Rhythm & Views

Titus Andronicus

This is either the best band named for a Shakespeare play, or the best album name borrowed from a Seinfeld episode (the one about Festivus). Either way, fans of manic, raucous jangle-pop should take heed of the debut by this bunch of young backstreet bards from New Jersey.

Released last fall by Troubleman Unlimited, this CD is now getting wider distribution through a deal with XL Recordings, which means that many more people can enjoy the group's careening, caterwauling Arctic Monkeys-meets-Bruce Springsteen sound. There's definitely a ballet being fought in the alley when these guys bring the noise.

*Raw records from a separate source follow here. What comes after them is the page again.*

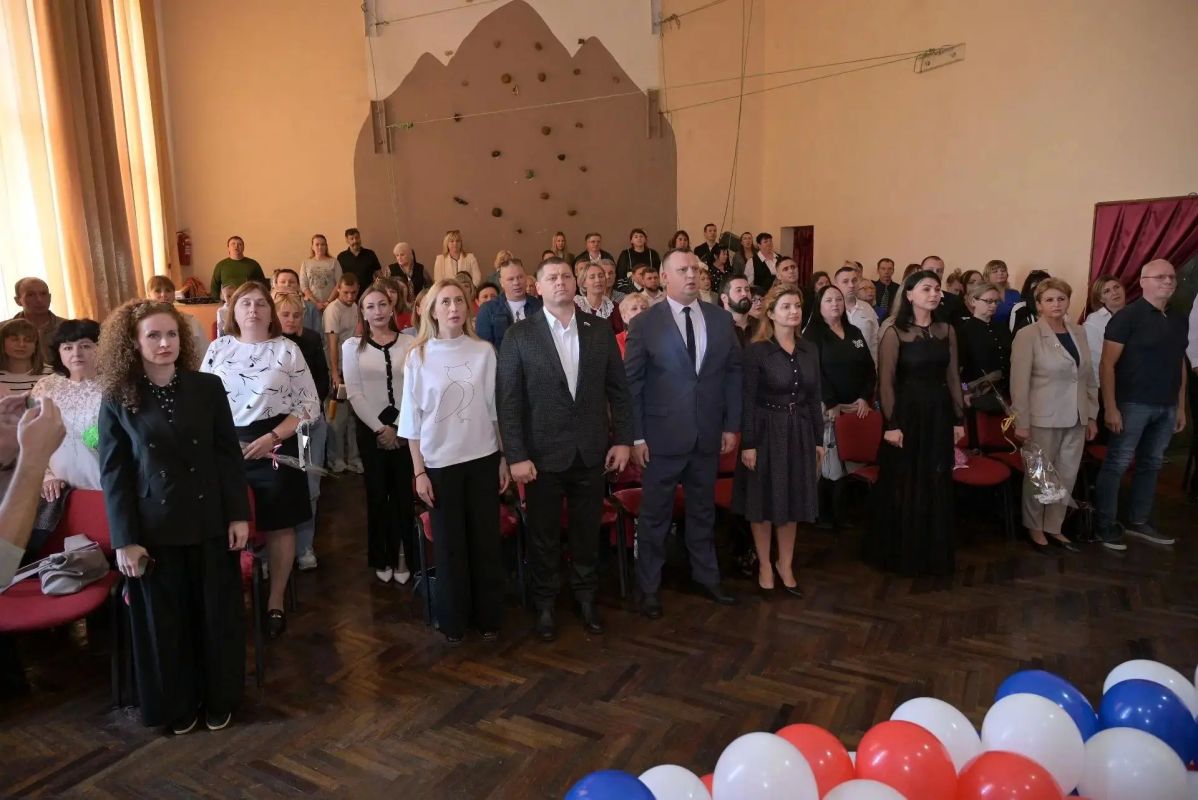 День учителя: праздник признательности и уважения День учителя: праздник признательности и уважения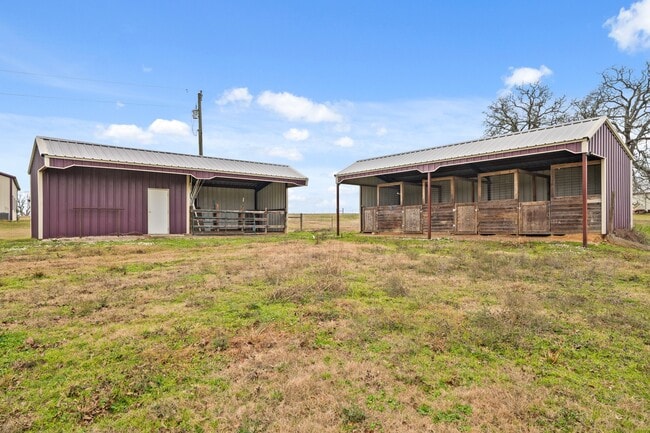 Building Photo - 35408 FM 1488
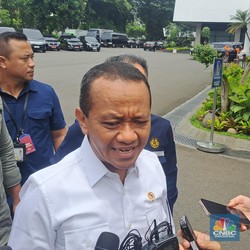 Bahlil Godok Pembentukan Lembaga Pengawas Penyaluran LPG 3 Kg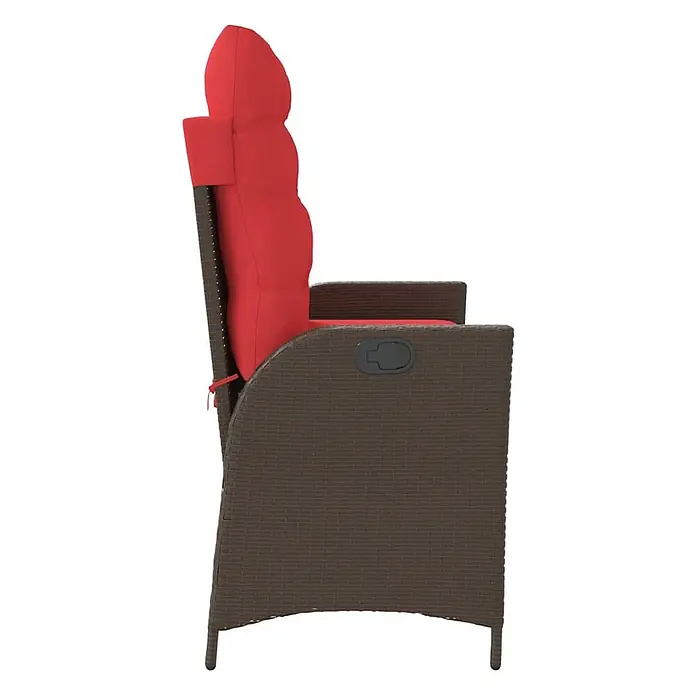 Furnicato Gartenbank PE-Rattan - B x T x H: 104 x 86 x 83 cm, Braun - Brauner, geflochtener Outdoor-Liegesessel mit roten Polstern und schwarzem Recliner-Griff.
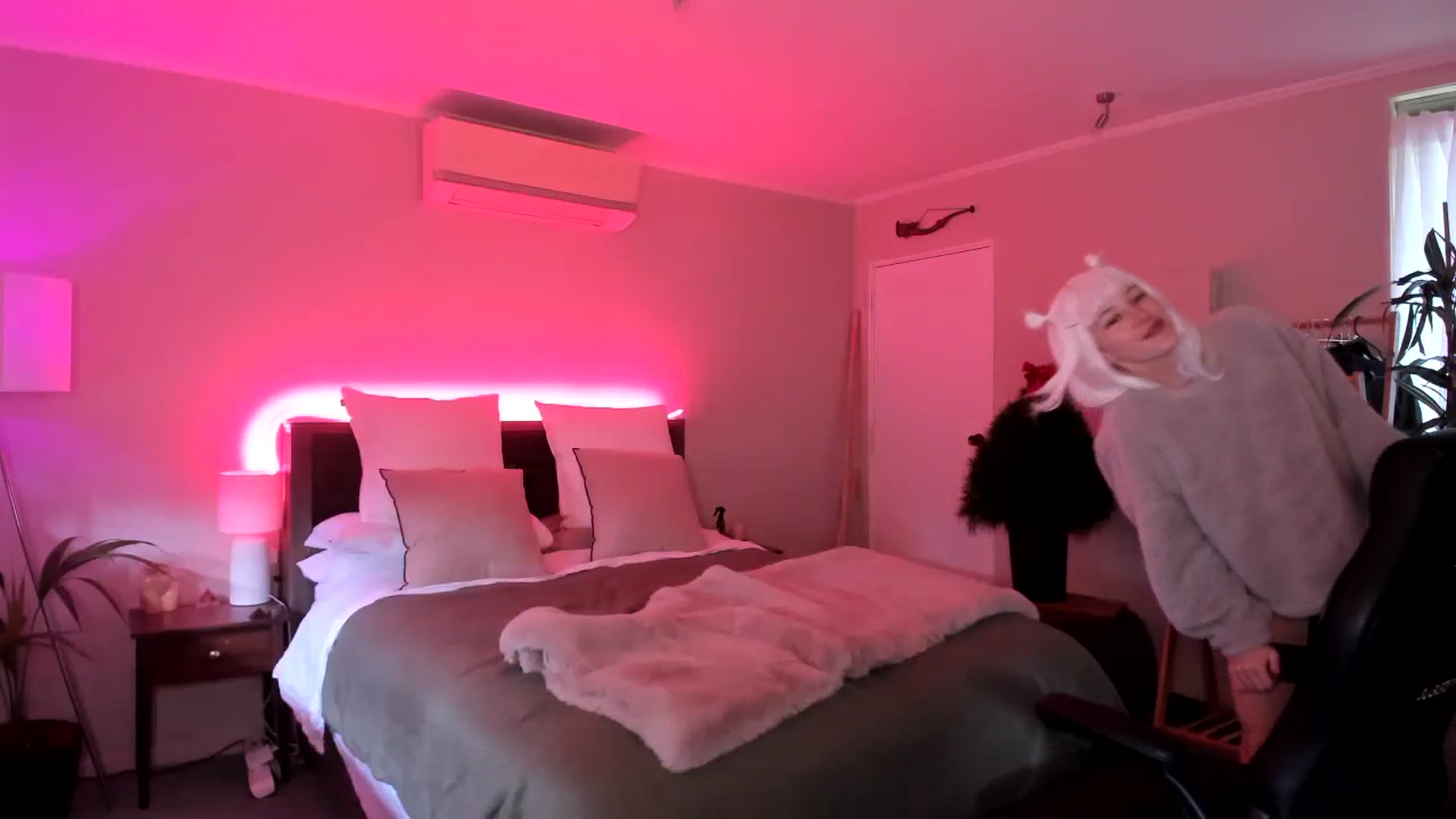 Gallery image thumbnail from Alice_NZ's myfreecams stream on, 11/30/2023, 02:59 image 5 of 20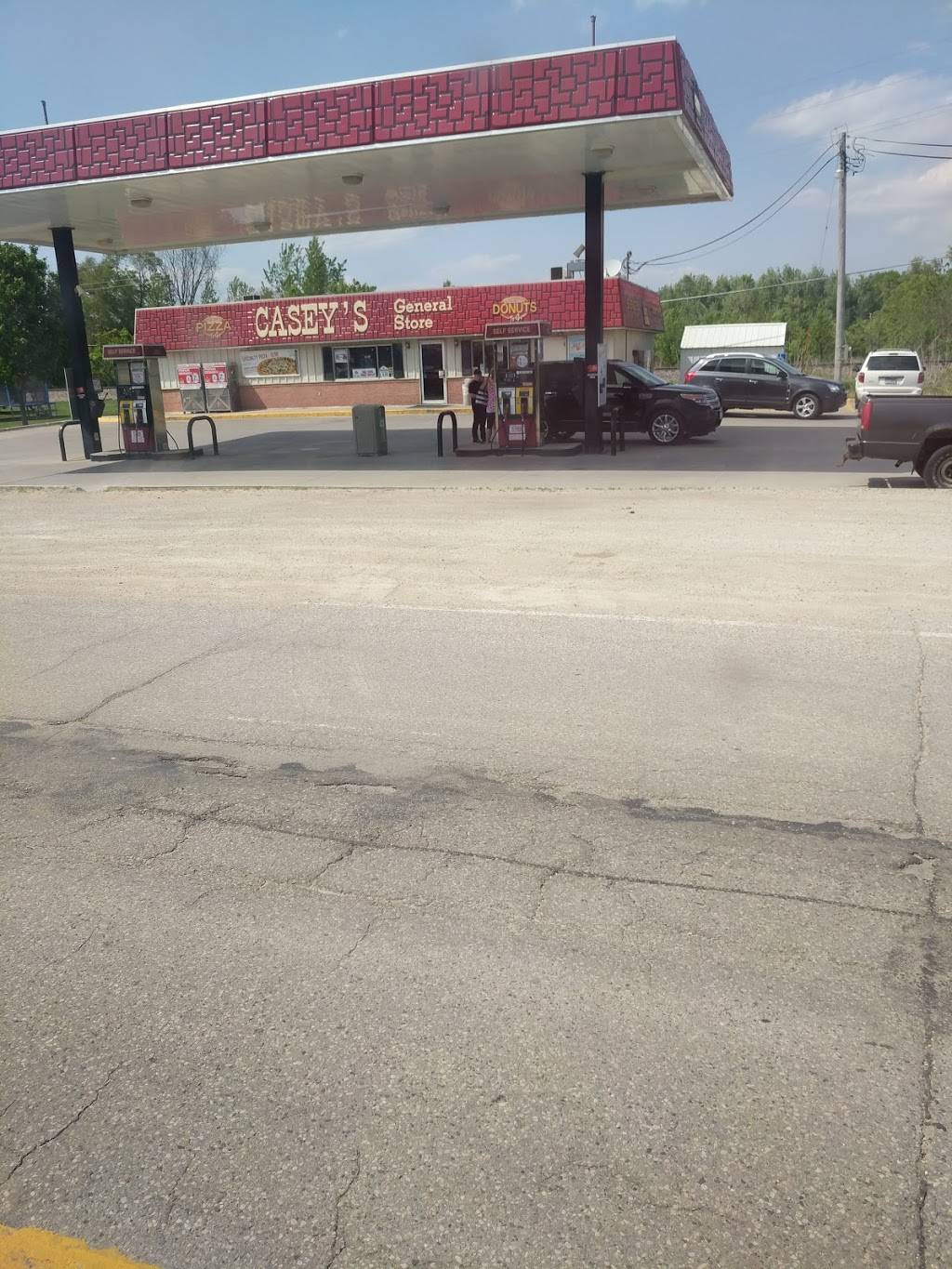 Caseys | restaurant | 400 Parriott St, Aplington, IA 50604, USA | 3193472371 OR +1 319-347-2371
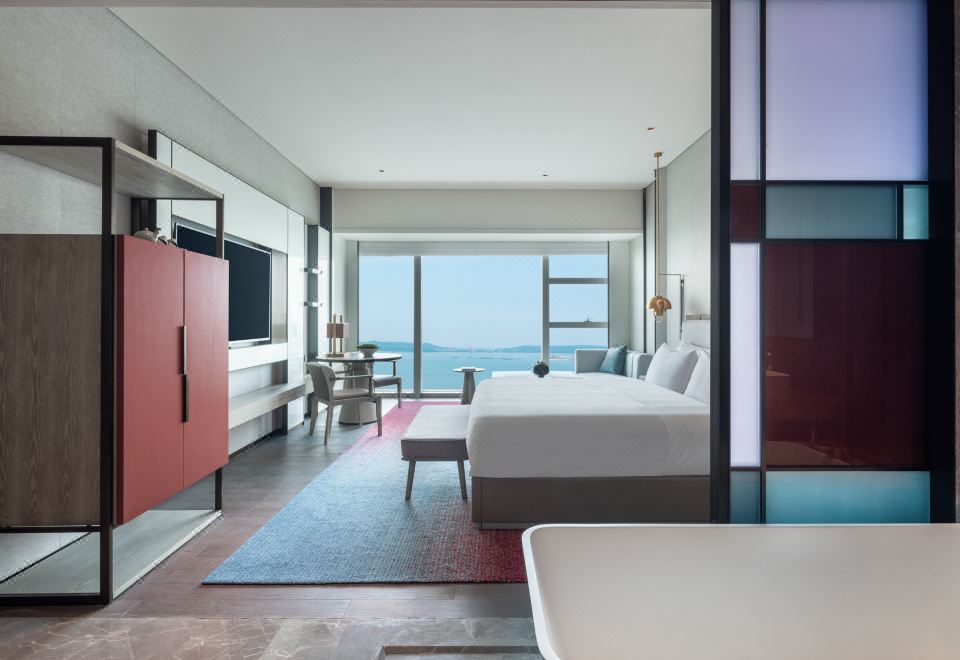 商务海景大床房（180度全落地窗看海景日出）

Like a hyperactive middle-schooler, Titus Andronicus can't keep still. There's a bit of Celtic drone mixed with punk in the breathtaking leadoff track, "Fear and Loathing in Mahwah, NJ," some unabashed Springsteen-style harmonica in "Joset of Nazareth's Blues" and some big-beat apocalyptic dance rock on "Arms Against Atrophy."

Through it all, singer Patrick Stickles howls distorted vocals like The Clash's Mick Jones and Joe Strummer at the same time, while the guitars build to exhausting, cathartic crescendos. Massive-sounding organ fills help invoke the spirit of Arcade Fire on too much caffeine.

And you can't argue with a band that finds rock 'n' roll abandon in tunes such as "Upon Viewing Brueghel's 'Landscape With the Fall of Icarus'" or "Albert Camus," which is a re-reading of Camus' The Stranger. It's a ramshackle affair, filled with the enthusiastic missteps of youth, but The Airing of Grievances finds fun in teenage-style angst.